Indonesia saat ini masih menghadapi tantangan serius dalam meningkatkan kemampuan literasi generasi muda. Dari tanotofoundation.org, data UNESCO menyebutkan indeks minat baca masyarakat Indonesia hanya 0,001% yang artinya dari 1.000 orang hanya ada satu orang yang benar-benar punya minat baca tinggi. Fakta ini tentu bikin kita tercengang sekaligus prihatin.
Literasi sejatinya bukan sekadar kemampuan membaca dan menulis. Tetapi juga kemampuan memahami informasi, berpikir kritis, serta menggunakan pengetahuan untuk memecahkan masalah. Di era digital abad ke-21, literasi (digital) adalah tiket untuk bisa bersaing di panggung global.
Di sekolah kami, berbagai upaya sudah dilakukan agar literasi tumbuh subur. Mulai dari mengadakan Hari Literasi setiap Selasa pagi, menghidupkan mading sekolah, sampai membuat pojok baca di setiap kelas. Semua itu adalah ikhtiar yang patut diapresiasi.
Namun, ada satu hal yang tak bisa dipisahkan dari dunia literasi yakni perpustakaan. Tanpa perpustakaan maka semua program literasi ibarat membangun rumah tapi cuma sampai fondasinya saja sedangkan bangunannya gak jadi-jadi.Â
Perpustakaan adalah jantung literasi sekolah. Di sanalah buku-buku disimpan, dirawat, dan diakses dengan baik oleh siswa. Perpustakaan bukan hanya tempat penyimpanan tapi juga ruang inspirasi.

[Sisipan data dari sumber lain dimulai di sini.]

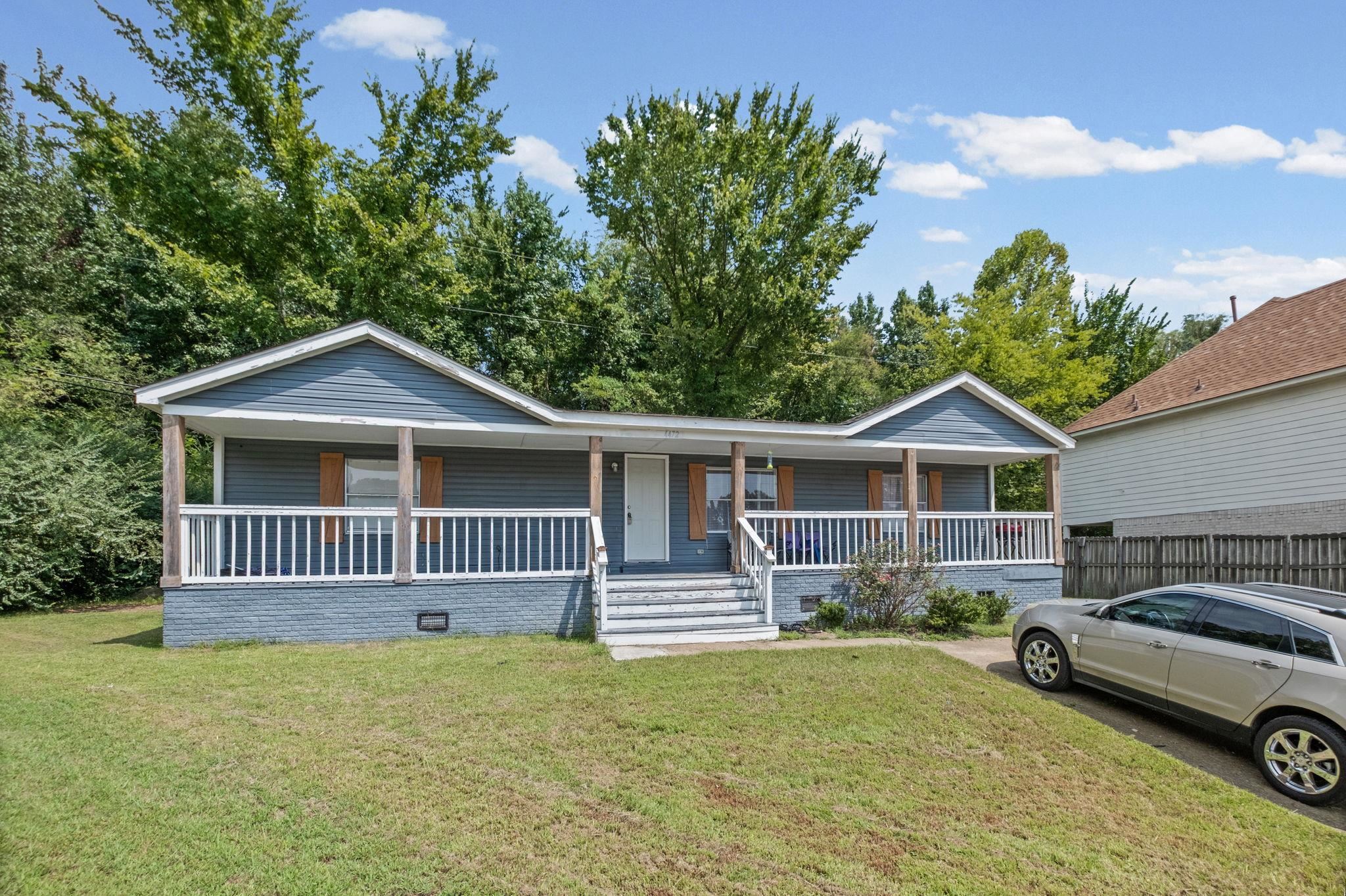 4472 Cedar Ridge Ln Property Photo 2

Sayangnya, sekolah kami di Kecamatan Limapuluh, Kota Pekanbaru, hingga kini belum kembali memiliki ruang perpustakaan yang representatif. Sudah hampir tujuh tahun sejak saya mulai mengajar namun ruang perpustakaan yang baru itu belum juga hadir. Akibatnya, buku-buku yang sudah dibeli dari dana BOS hanya disusun seadanya di ruang Tata Usaha. Sebagian besar buku itu akhirnya kurang dimanfaatkan maksimal untuk pembelajaran siswa.
Padahal, buku yang dibeli dengan dana BOS adalah amanah negara. Jika sekolah memiliki perpustakaan tentu semua buku bisa tertata rapi, terjaga kualitasnya, dan menjadi sumber belajar yang kaya. Tidak hanya untuk siswa tetapi juga guru serta bahkan orangtua.
Mungkin ada yang berpikir, "ah, kan sekarang sudah era digital, bukannya perpustakaan bisa digantikan oleh e-book?". Jawabannya: tidak sesederhana itu.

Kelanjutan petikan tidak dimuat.